Anxiety in Teens: 5 Coping Strategies

1. Change your teen’s relationship to anxiety

Think like Sherlock Holmes and investigate anxiety like a puzzle. When, where, and how does anxiety show up? What are its triggers? Brainstorm with your teen about what to say when worry arrives: “Hmm, that sounds like worry. What could you say to size it down?”

Separate anxiety from who your teen is. Many kids feel powerless about anxiety, and benefit from redefining it as something distinct from who they are.

2. Stay neutral and compassionate

Though you must intervene in situations of bullying, violence, academic failure, or risky behaviors, most of the time your teen just needs your support in thinking through responses to tricky situations – not for you to do the solving.

Teens of anxious parents are likely to be anxious themselves. Monitor and manage your reactions to your child’s anxiety, and refrain from discussing your concerns in public. React neutrally, regardless of their irritating, frustrating, or scary behaviors. Such behaviors indicate how out of control your teen feels.

3. Start small to build confidence

Anxiety erases memories of past successes, which is especially devastating for teens with ADHD and working memory challenges.

Choose a goal that’s within reach and start with small steps. What would your teen do if anxiety weren’t there? Help them recall times when they took a risk and it paid off. Then discuss how that could apply to the situation. Offer language: “I’m willing to feel unsure. I can get up my courage and try this.”
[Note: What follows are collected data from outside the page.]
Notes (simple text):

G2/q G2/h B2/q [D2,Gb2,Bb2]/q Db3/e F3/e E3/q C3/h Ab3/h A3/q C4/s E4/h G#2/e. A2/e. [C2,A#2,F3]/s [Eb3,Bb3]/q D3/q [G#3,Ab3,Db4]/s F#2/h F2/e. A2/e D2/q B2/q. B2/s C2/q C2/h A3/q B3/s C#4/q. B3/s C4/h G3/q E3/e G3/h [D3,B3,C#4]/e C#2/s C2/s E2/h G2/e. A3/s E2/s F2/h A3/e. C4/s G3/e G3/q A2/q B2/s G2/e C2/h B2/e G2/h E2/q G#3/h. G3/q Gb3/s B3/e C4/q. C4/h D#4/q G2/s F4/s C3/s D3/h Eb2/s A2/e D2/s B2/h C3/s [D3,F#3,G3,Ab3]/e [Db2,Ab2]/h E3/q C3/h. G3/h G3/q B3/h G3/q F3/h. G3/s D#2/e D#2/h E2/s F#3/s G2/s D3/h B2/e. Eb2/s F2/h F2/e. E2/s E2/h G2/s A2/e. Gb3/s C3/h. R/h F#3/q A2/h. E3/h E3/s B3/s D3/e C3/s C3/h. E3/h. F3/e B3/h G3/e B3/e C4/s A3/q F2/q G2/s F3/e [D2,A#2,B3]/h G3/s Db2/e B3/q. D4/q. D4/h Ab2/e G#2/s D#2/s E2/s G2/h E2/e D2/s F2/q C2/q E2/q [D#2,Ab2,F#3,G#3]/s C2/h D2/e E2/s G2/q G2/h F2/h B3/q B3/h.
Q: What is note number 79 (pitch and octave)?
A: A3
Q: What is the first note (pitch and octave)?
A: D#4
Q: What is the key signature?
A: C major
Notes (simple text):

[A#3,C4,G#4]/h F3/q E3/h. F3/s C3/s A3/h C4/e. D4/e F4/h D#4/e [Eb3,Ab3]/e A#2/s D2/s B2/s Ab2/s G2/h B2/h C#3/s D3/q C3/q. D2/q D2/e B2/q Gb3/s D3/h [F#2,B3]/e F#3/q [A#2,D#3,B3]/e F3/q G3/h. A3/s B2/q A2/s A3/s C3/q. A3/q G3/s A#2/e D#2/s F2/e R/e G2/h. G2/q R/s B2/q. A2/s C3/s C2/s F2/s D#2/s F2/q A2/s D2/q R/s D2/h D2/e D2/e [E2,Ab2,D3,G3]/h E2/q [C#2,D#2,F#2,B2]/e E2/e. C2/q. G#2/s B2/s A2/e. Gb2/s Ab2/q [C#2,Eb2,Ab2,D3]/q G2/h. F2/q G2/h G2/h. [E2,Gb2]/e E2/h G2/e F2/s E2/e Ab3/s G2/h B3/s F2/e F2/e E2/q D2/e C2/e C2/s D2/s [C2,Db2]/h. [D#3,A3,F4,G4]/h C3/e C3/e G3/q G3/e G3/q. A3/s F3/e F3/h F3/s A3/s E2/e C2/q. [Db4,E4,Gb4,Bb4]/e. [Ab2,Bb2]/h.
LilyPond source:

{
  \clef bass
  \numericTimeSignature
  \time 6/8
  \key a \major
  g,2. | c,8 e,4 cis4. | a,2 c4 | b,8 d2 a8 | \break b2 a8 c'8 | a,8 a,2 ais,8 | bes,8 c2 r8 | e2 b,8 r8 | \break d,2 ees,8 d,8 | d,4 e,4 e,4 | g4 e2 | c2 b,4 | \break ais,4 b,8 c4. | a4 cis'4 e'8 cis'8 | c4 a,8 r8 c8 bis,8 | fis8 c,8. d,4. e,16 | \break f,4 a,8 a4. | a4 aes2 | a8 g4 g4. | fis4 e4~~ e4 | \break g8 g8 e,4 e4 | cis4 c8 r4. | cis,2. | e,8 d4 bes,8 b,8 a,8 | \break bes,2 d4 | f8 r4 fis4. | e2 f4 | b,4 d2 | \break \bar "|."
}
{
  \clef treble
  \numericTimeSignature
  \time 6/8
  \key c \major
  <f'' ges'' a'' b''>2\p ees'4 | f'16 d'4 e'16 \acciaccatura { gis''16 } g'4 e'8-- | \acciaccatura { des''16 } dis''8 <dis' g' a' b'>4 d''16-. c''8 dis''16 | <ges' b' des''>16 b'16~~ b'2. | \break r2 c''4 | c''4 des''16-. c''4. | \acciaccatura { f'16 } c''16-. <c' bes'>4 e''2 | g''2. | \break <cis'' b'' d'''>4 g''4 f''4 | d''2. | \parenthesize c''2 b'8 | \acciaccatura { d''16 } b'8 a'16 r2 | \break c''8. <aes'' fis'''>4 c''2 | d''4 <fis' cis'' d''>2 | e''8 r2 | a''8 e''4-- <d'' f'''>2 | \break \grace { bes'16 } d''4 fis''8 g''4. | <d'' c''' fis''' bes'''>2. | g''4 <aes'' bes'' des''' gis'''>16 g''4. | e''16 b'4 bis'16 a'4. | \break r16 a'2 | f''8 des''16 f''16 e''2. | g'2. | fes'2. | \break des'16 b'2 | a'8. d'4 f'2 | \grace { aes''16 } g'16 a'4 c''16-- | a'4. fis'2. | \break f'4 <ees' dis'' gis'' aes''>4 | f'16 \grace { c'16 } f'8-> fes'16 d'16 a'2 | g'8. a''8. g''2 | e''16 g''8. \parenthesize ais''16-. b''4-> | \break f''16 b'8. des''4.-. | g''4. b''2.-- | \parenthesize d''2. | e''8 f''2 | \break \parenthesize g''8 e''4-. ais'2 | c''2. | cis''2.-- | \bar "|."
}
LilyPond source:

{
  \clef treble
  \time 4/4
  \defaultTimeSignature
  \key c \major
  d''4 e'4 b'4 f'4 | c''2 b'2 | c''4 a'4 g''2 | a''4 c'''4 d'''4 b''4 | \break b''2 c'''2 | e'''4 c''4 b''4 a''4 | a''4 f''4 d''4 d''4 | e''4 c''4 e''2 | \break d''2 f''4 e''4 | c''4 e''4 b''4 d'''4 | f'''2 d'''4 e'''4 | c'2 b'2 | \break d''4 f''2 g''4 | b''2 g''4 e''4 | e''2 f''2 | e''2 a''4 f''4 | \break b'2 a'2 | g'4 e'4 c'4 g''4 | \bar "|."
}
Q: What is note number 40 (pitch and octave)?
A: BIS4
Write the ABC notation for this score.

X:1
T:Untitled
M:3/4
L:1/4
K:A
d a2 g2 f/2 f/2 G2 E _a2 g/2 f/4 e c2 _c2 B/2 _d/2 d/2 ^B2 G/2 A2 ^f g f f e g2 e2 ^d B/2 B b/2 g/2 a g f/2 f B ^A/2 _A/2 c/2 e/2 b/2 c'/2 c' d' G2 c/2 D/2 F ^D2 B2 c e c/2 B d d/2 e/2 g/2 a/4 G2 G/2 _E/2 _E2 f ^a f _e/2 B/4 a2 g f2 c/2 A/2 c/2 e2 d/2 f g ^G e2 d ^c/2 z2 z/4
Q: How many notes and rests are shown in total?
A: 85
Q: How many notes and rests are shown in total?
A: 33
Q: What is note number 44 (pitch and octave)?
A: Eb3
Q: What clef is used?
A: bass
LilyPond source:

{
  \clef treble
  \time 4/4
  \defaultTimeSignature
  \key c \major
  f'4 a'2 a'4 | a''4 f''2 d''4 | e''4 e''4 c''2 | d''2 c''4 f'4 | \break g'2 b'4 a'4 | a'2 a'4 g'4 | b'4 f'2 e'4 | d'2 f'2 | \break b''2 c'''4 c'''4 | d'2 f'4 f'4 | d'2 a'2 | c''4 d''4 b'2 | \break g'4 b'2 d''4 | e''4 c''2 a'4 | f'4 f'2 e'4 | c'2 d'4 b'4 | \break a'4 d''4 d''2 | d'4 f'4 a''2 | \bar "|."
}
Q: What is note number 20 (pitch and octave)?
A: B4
4. Opt for curiosity over anxiety

It’s tough to live with uncertainty, and adolescence is filled with unknowns — especially now. The lack of control our teens feel in their lives fuels their anxiety.

Instead of harboring worried thoughts, have your teen practice shifting to curiosity. Anxiety shuts down teens and predicts negative outcomes, but curiosity opens them up to possibilities. Help them learn to say, “I wonder about…” rather than, “I’m worried about…”

5. Focus on building resilience

Resilience is the antidote to anxiety. When teens identify their strengths, the people who care about them, and their interests, they feel more confident.

Find ways to connect with things that matter to your teen, like a favorite computer game or a funny YouTube video. Demonstrating this connection will make your teen want to work with you in taking on anxiety.